CI uses the same targets in a fixed order (make down first); see Deploy Script Behavior.

nginx reverse proxy

docker-compose.yml publishes Gunicorn on 127.0.0.1:8000 only. Terminate TLS on the host with nginx and proxy to that port.

At site root (/)

The following example assumes the app is served at the domain root (https://app.example.com/) and static files at /static/.

upstream boost_collector_app {
    server 127.0.0.1:8000;
    keepalive 32;
}

server {
    listen 443 ssl http2;
    server_name app.example.com;

    ssl_certificate     /etc/letsencrypt/live/app.example.com/fullchain.pem;
    ssl_certificate_key /etc/letsencrypt/live/app.example.com/privkey.pem;

    client_max_body_size 100M;

    location / {
        proxy_pass         http://boost_collector_app;
        proxy_http_version 1.1;
        proxy_set_header   Host              $host;
        proxy_set_header   X-Real-IP         $remote_addr;
        proxy_set_header   X-Forwarded-For   $proxy_add_x_forwarded_for;
        proxy_set_header   X-Forwarded-Proto $scheme;
        proxy_redirect     off;
        proxy_read_timeout 300s;
    }

    location /static/ {
        alias /opt/boost-data-collector/staticfiles/;
    }
}

Optional: URL prefix (subpath)

If the app must live under a prefix (e.g. https://app.example.com/boost-data-collector/), set in .env:

  • FORCE_SCRIPT_NAME=/boost-data-collector (no trailing slash)
  • STATIC_URL=/boost-data-collector/static/ (must end with /)
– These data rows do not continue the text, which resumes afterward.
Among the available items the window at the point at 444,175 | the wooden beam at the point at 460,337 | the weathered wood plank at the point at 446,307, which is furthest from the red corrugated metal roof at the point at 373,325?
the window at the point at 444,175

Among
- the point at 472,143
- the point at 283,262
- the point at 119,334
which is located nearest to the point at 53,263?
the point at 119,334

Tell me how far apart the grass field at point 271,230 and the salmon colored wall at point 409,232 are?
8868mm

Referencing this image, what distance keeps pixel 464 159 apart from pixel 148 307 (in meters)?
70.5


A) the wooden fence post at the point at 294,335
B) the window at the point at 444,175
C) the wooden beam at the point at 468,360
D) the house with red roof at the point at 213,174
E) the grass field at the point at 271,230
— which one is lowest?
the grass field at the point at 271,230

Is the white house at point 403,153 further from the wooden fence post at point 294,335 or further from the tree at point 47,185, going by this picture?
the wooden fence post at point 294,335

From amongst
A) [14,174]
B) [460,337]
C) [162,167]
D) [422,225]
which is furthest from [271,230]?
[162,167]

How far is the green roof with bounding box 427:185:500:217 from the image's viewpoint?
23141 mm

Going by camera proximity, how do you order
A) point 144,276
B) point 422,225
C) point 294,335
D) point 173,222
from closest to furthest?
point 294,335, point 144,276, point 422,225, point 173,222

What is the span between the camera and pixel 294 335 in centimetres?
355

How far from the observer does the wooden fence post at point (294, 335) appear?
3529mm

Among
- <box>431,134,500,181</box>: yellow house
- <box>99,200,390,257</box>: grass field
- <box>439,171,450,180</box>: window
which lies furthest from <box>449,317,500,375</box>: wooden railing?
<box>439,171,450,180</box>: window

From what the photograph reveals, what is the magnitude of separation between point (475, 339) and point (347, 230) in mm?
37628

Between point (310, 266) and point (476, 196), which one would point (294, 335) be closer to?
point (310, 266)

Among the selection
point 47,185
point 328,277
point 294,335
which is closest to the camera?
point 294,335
Example nginx (adjust the prefix string to match your FORCE_SCRIPT_NAME):

upstream boost_collector_app {
    server 127.0.0.1:8000;
    keepalive 32;
}

server {
    listen 443 ssl http2;
    server_name app.example.com;

    ssl_certificate     /etc/letsencrypt/live/app.example.com/fullchain.pem;
    ssl_certificate_key /etc/letsencrypt/live/app.example.com/privkey.pem;

    client_max_body_size 100M;

    location /boost-data-collector/static/ {
        alias /opt/boost-data-collector/staticfiles/;
    }

    location /boost-data-collector/ {
        proxy_pass         http://boost_collector_app/;
        proxy_http_version 1.1;
        proxy_set_header   Host              $host;
        proxy_set_header   X-Real-IP         $remote_addr;
        proxy_set_header   X-Forwarded-For   $proxy_add_x_forwarded_for;
        proxy_set_header   X-Forwarded-Proto $scheme;
        proxy_redirect     off;
        proxy_read_timeout 300s;
    }
}

Reload nginx after testing config (sudo nginx -t && sudo systemctl reload nginx).
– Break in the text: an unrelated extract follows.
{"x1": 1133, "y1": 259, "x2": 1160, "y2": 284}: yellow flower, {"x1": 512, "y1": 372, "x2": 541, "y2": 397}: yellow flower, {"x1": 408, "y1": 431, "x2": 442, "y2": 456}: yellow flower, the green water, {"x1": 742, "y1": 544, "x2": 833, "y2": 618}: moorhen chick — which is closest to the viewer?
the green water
Selenium (port 4444) is bound to 127.0.0.1:4444 in Compose so it is not exposed on the public interface. Access from your laptop via SSH port forwarding if you need the hub from outside the VM:

ssh -L 4444:127.0.0.1:4444 YOUR_DEPLOY_USER@YOUR_SERVER_HOST

Deploy Script Behavior

The deploy script (.github/workflows/deploy-script/deploy.sh) runs on the remote server and does the following:

  1. Validates REPO_URL and BRANCH are set.
  2. Checks that git and make are installed.
  3. If the repo already exists — fetches and hard-resets to origin/<branch>.
  4. If the repo does not exist — clones it fresh.
  5. Checks for .env in the deploy directory ($DEPLOY_DIR/.env). If it is missing, the script exits with an error. Create .env after the first clone using the two-step process.
  6. Stops existing containers (make down).
  7. Builds and starts the stack (make build && make up).
  8. Waits for make health to succeed (see Makefile).

Overriding the deploy directory

By default the repo is cloned into /opt/boost-data-collector. To use a different path, set DEPLOY_DIR as an environment variable on the server or pass it via the envs: parameter in deploy.yml.


Updating .env on the Server

When secrets or config values change, SSH into the server and edit the file directly:

nano /opt/boost-data-collector/.env

If you saved with sudo, fix ownership and mode for the deploy user as in Step 2 — Add .env on the server.

Then restart the containers to pick up the new values:

cd /opt/boost-data-collector && make down && make up

Health checks (make health)

make health runs a small set of checks from the Makefile (Django check --database default inside web, redis-cli PING, Selenium /status from inside the selenium container, and docker compose ps for Celery services). It does not fully prove Celery broker connectivity or every cross-service path. Treat it as a quick smoke test after deploy.

For more detail see Docker.md and the health target in the Makefile.